On this last Sunday I gained God-parents. It was strange now to find a new connection that hadn't existed before, perhaps due to the grace and provision of the Holy Trinity. After a light dinner and a glass of wine we discussed for many hours life and entering the mystery of the Church. There is something that bonds people that is deeper than just words, part of the mystery of man's creation perhaps. But now my heart feels almost overwhelmed at these things as when one sees over the top of a hill thinking it is a mountain and seeing the shock of exactly how large the mountain is and how far we can yet travel to the top. This both amazes me in the depths of love that exist and also how much further there is to go.

It is easy to become disheartened from such a sight, a fear of new things even if they have always been there despite our ignorance of them. Perhaps it takes more strength than we possess to even ponder such things. May God grant us his great mercy! Not that I complain here or find a malcontent sadness, but rather as the book continues "It is sad to be blind, it sad to be unable to live to the fulness of our vocation, to be trapped again and again in our own limitations. It is sad to see our world without God, vacillating between life and death and unable to choose life once and for all or to escape once and for all from death." This is the great sadness of the world. This is the time before the fullness of Christ.

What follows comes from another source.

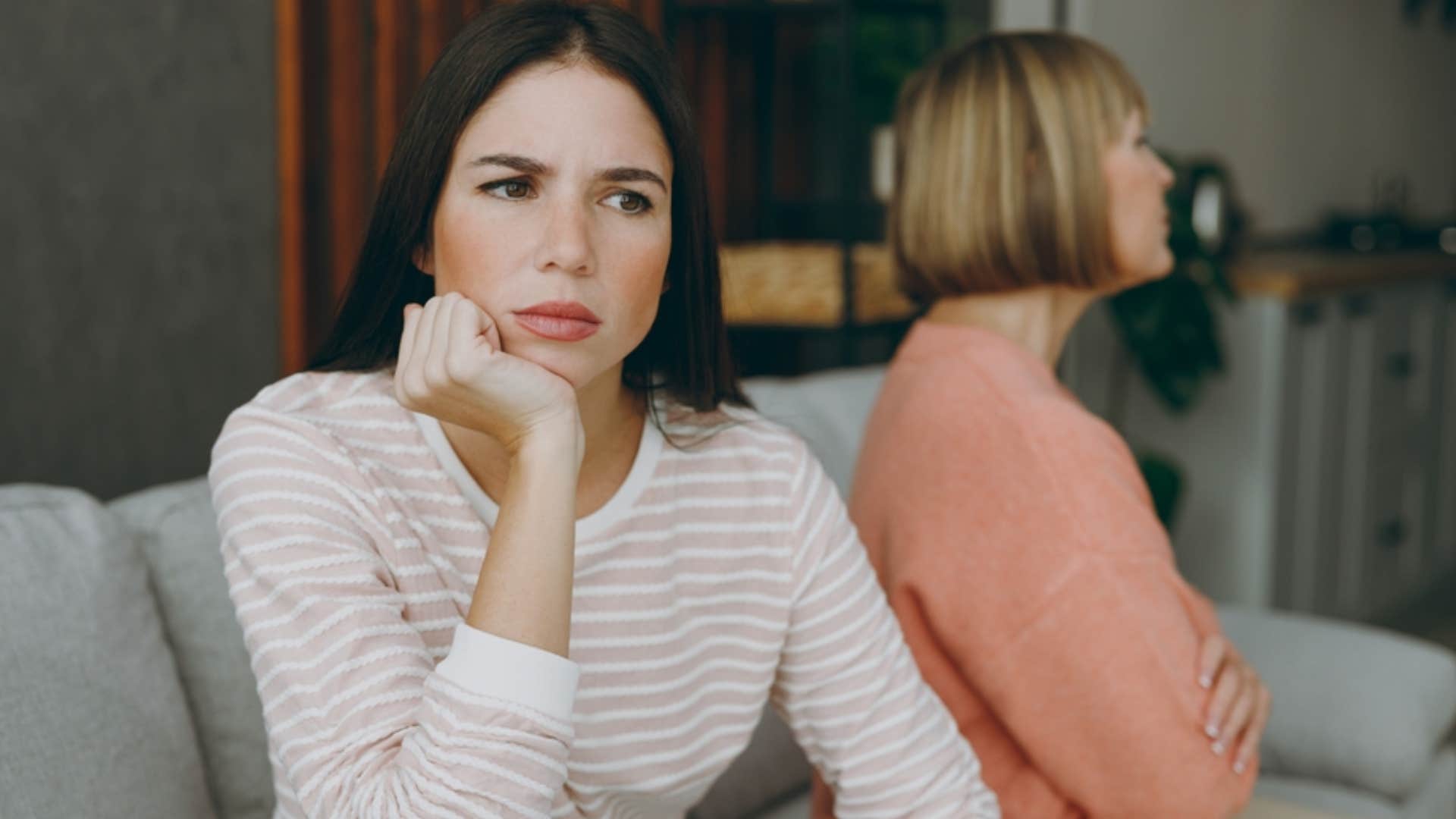 sad woman turned away from mother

Again I shall refer you to one of my favourite verses:
Love never fails. But whether there are prophecies, they will fail; whether there are tongues, they will cease; whether there is knowledge, it will vanish away. 9 For we know in part and we prophesy in part. 10 But when that which is perfect has come, then that which is in part will be done away.[1 Corinth. 13]
We haven't even discussed how these great mysteries around us relate to love, yet this is what Paul speaks about. This is the part of the mystery that truly causes my heart to tremble, both in expectation and in the knowledge that I lack in this love. Lord Have Mercy!

St. Paul's words are best to end with here:
13 And now abide faith, hope, love, these three; but the greatest of these is love.
We must have hope! We must have faith! Yet most of all we must have love, especially when it aches the most. Indeed this is when we must pursue it the quickest!